NSA Director To Jimmy Carter: 'We're Not' Spying On Your Emails

Two days after former President Jimmy Carter said he believes the NSA is spying on his emails, the NSA assured Carter they are not keeping tabs on him.

Carter told NBC's "Meet the Press" on Sunday that he communicates with foreign leaders via snail mail to avoid being monitored by the NSA.

In an exclusive interview with Fox News, outgoing National Security Agency Director Keith Alexander said monitoring Carter's emails would be against the law.

"We're not [monitoring the emails]," General Alexander told Fox News' Bret Baier. "So he can now go back to writing emails. The reality is, we don't do that. And if we did, it would be illegal and we'd be...held accountable and responsible."

Alexander said that even after an investigation into the agency's practices, "no one has found anything, zero, except for in 12 cases where people did that and we had already reported those."

The NSA was put under the international spotlight after former NSA contractor Edward Snowden leaked confidential documents revealing it was surveilling the Internet and phone activities of Americans and leaders of nations overseas. Snowden is currently in Russia on asylum after fleeing the U.S. last summer.

The NSA director is leaving his position at the same time President Barack Obama seeks to implement mass changes to the NSA. Obama want's Congress to pass legislation to stop the NSA from stockpiling phone records for years.

But Alexander refuted that claim, telling Baier "we don't have Americans' emails or their content of their phone calls in that database."

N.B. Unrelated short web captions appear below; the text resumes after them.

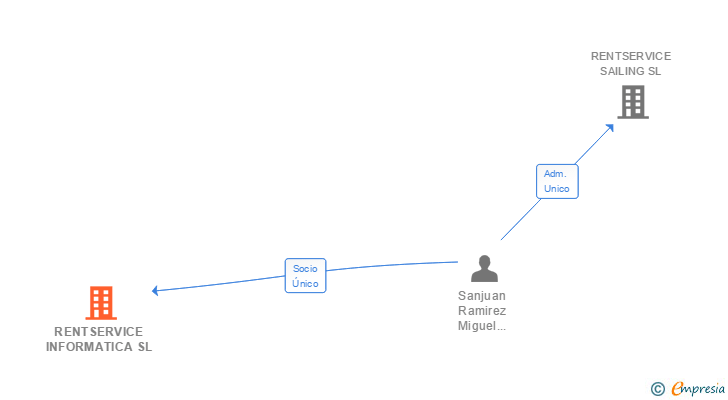 Vinculaciones societarias de RENTSERVICE INFORMATICA SL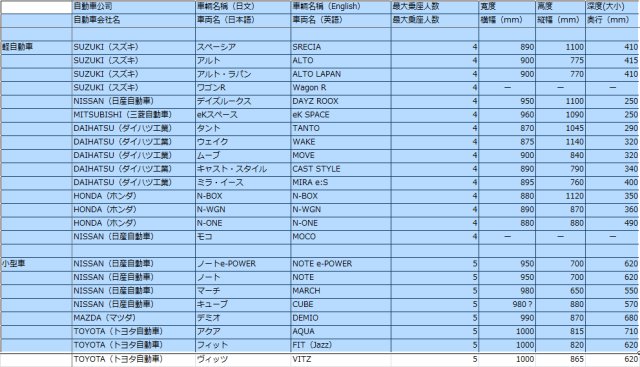 日本出租車輛的儲物空間(後車箱)的尺寸表【網羅所有95車種的詳盡資訊】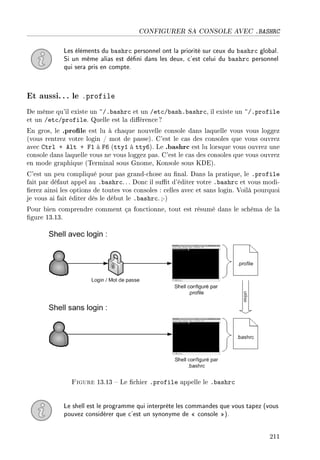 CONFIGURER SA CONSOLE AVEC .BASHRC
Les éléments du bashrc personnel ont la priorité sur ceux du bashrc global.
Si un même alias est déni dans les deux, c'est celui du bashrc personnel
qui sera pris en compte.
Et aussi.. . le .profile
De même qu'il existe un ~/.bashrc et un /etc/bash.bashrc, il existe un ~/.profile
et un /etc/profile. Quelle est la diérence?
En gros, le .prole est lu à chaque nouvelle console dans laquelle vous vous loggez
(vous rentrez votre login / mot de passe). C'est le cas des consoles que vous ouvrez
avec Ctrl + Alt + F1 à F6 (tty1 à tty6). Le .bashrc est lu lorsque vous ouvrez une
console dans laquelle vous ne vous loggez pas. C'est le cas des consoles que vous ouvrez
en mode graphique (Terminal sous Gnome, Konsole sous KDE).
C'est un peu compliqué pour pas grand-chose au nal. Dans la pratique, le .profile
fait par défaut appel au .bashrc. .. Donc il sut d'éditer votre .bashrc et vous modi-
erez ainsi les options de toutes vos consoles : celles avec et sans login. Voilà pourquoi
je vous ai fait éditer dès le début le .bashrc. ;-)
Pour bien comprendre comment ça fonctionne, tout est résumé dans le schéma de la
gure 13.13.
Figure 13.13  Le chier .profile appelle le .bashrc
Le shell est le programme qui interprète les commandes que vous tapez (vous
pouvez considérer que c'est un synonyme de  console ).
211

"It's just numbers. It's just the call detail records," Alexander said in the interview. "Think of this in the old phone bills that you used to get that would list all the numbers that you called. Take off your name off the top, put the two phone numbers, put those in a database, that's what we have. That's it."

Alexander's interview on "Special Report With Bret Baier" will air Tuesday at 6 p.m. ET.